3つのタイプの政策のミックス
大統領選と同時に行われた米議会選挙において、共和党が上下両院とも過半数を制したことから、トランプ次期大統領は、予算措置を必要とするものも含めて政策を実行できる可能性が広がったと考えられる。
トランプ次期大統領が主張してきた政策を大まかに分類すると、①減税、規制緩和、②関税引き上げや移民制限、③エネルギーの増産を含む環境関連の政策やウクライナ情勢・中東紛争の早期終結など、に整理できる。
経済・金融への影響を考えると、①は成長を促進する 可能性が高く、金融市場の観点からは株高・金利高・ ドル高要因となろう。②の影響については議論があるが、 米国のインフレ率をやや高める一方、他国の成長率にはマイナスの影響を与える公算が大きいとみられる。
株価には抑制的に働く一方、金利と為替について はインフレと景気のバランス次第で変わってくるとみられる。 ③については関連するセクターへの直接的な影響に加えて、商品市況、特に原油などエネルギー価格やそれを通じた物価へのインパクトが重要となってくるだろう。
各種の政策を同時並行的に実行
第1期トランプ政権時を振り返ると、政権発足直後の1年半程度は減税や規制緩和など経済や株式市場にとってプラスの政策を先行して実施した後、対中関税の 引き上げに舵を切った。
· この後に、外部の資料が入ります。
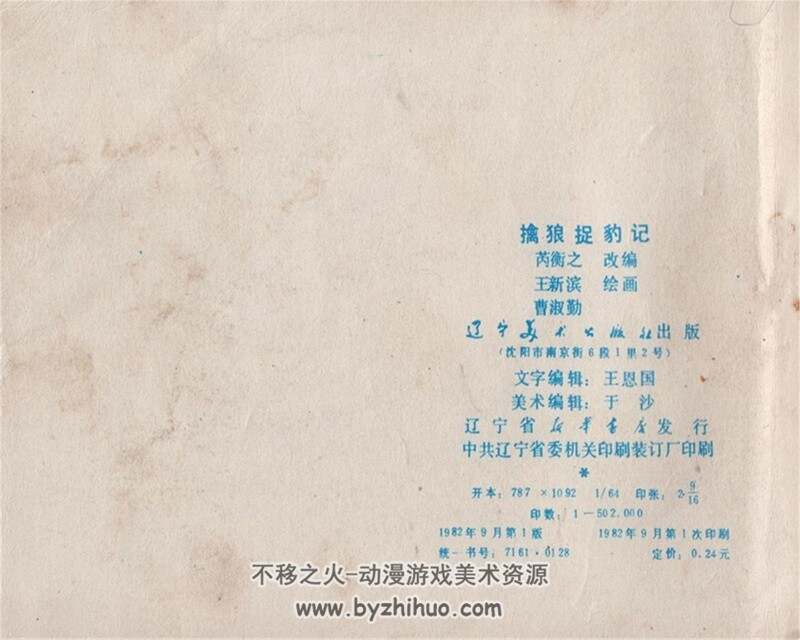 擒狼捉豹记 老连环画 PDF格式 百度网盘下载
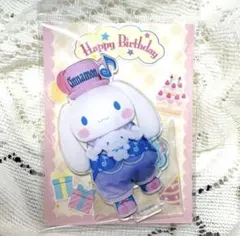 シナモロール 2026バースデーグッズ サンリオ ピューロランド限定　シナモン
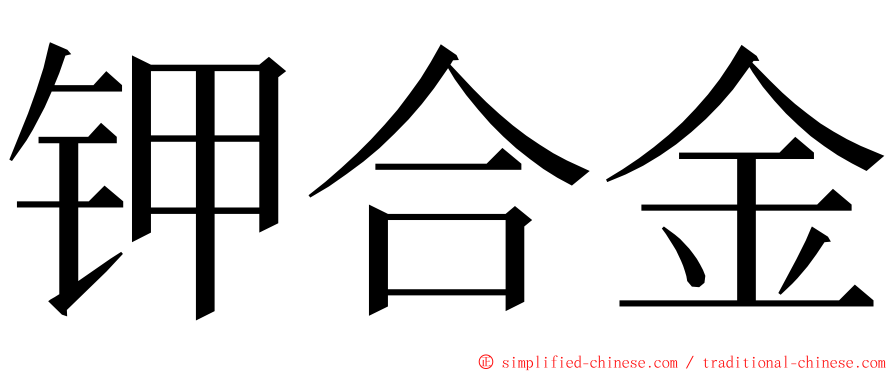 钾合金 ming font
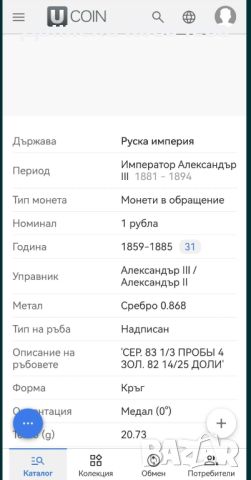 Руска Империя Монета Една Рубла 1870 г тираж 386 005, снимка 5 - Нумизматика и бонистика - 46228616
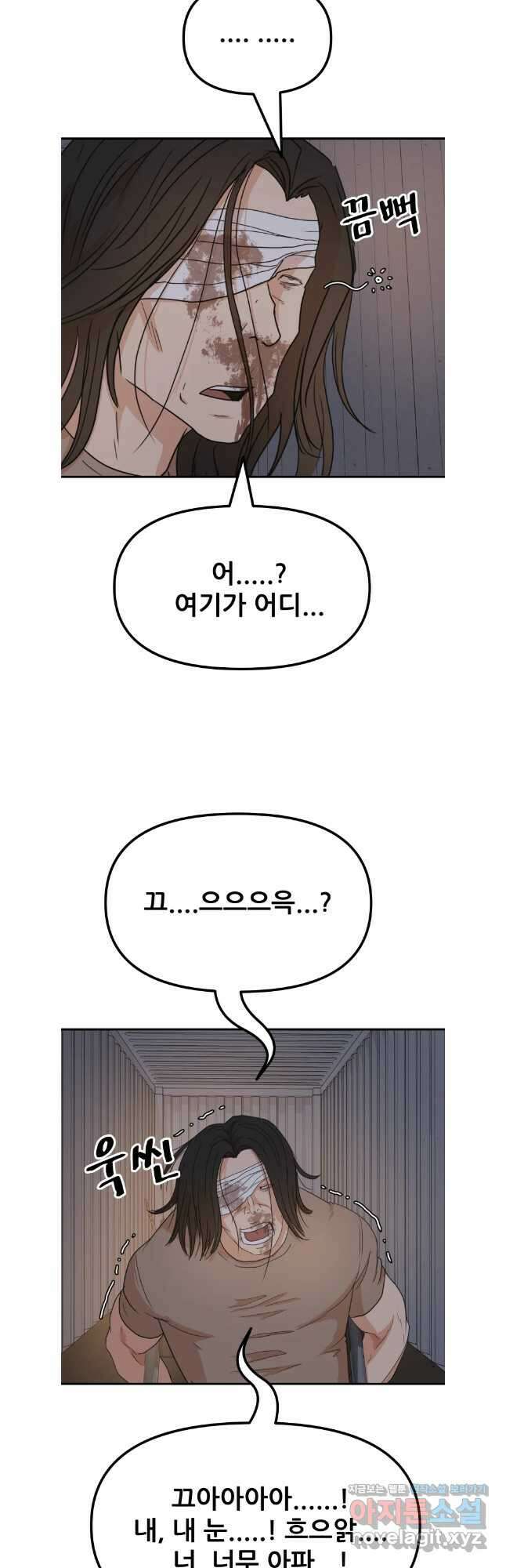 가드패스 138화 24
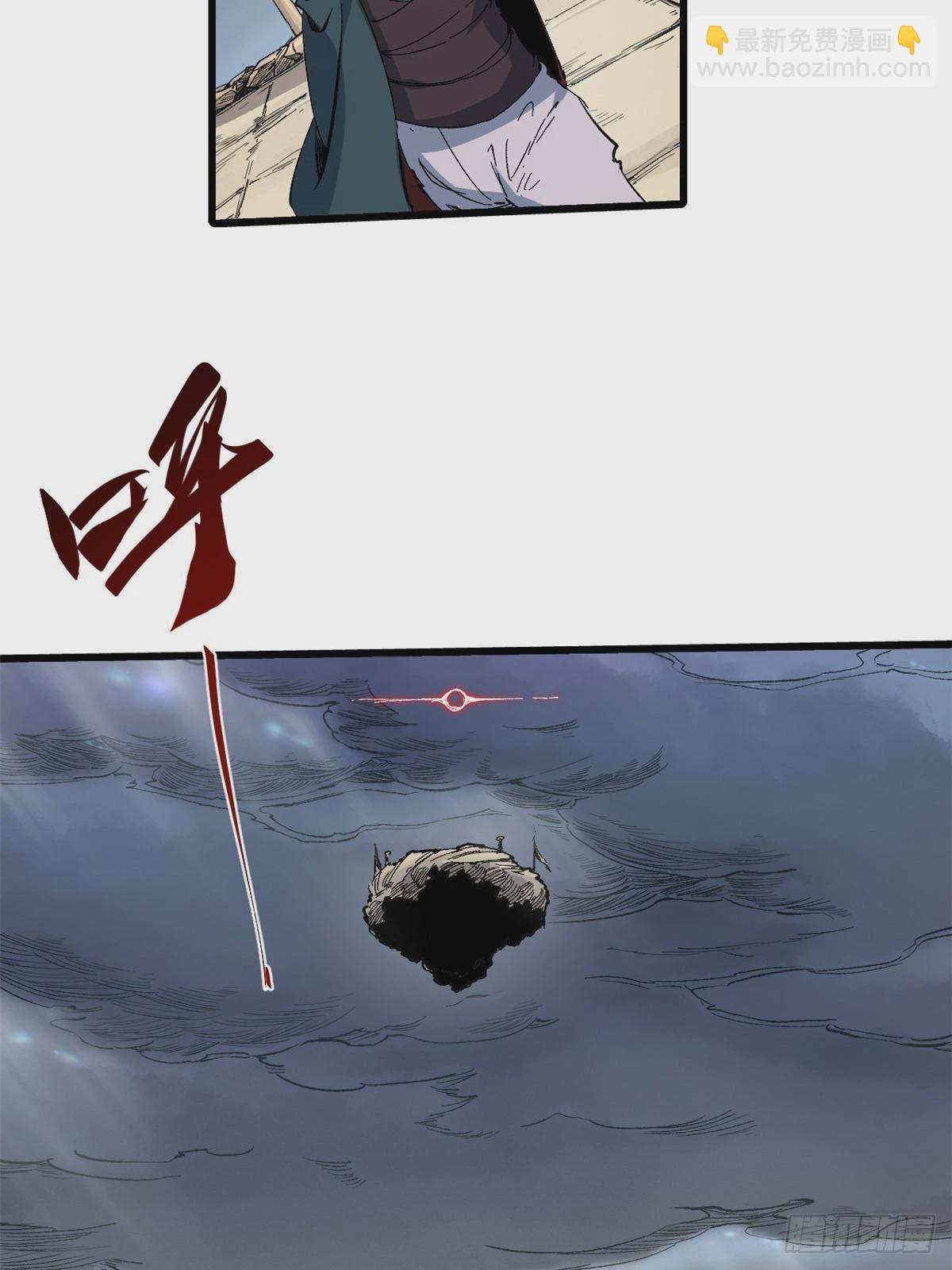 041 生死擂台33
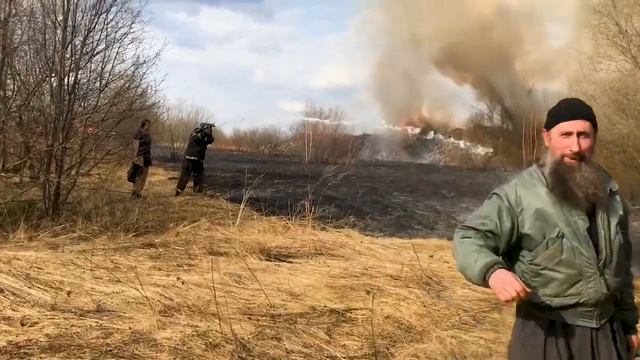 Пожар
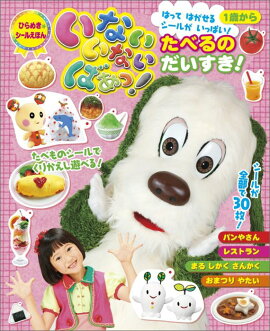 ���ʤ����ʤ��Ф��á� ���٤�Τ���������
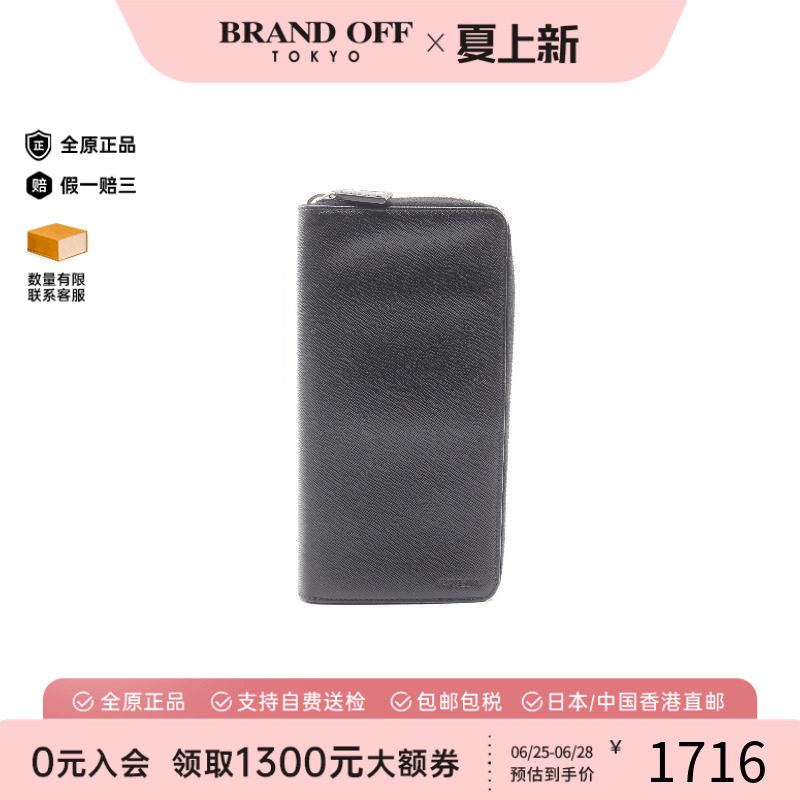 中古Prada普拉达长钱包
2期目はトランプ氏にとって米大統領として最後の任期になる可能性が高い(したがって時間が限られる)ことや、同氏の共和党内での立場が強くなり、党内穏健派と協調する必要性が低下したことなどから各種政策を前倒しで実行するとみられる。
実際、当選後に発表した閣僚人事ではトランプ次期大統領と考えが近いとされる人材を指名している。さらに トランプ次期大統領は11月25日、対中関税を10% 引き上げ、カナダ・メキシコからの輸入に25%の関税を導入する方針を表明した。
1期目と異なり、政権発足直後から、減税だけでなく、関税引き上げや移民制限、外交・環境政策などについて同時並行的に実行する姿勢を明確にしつつあると言えよう。
「トランプ2.0」の1年目となる2025年は、市場は各種政策が景気やインフレ、金融政策に与える影響を見極めながら変動する年になろう。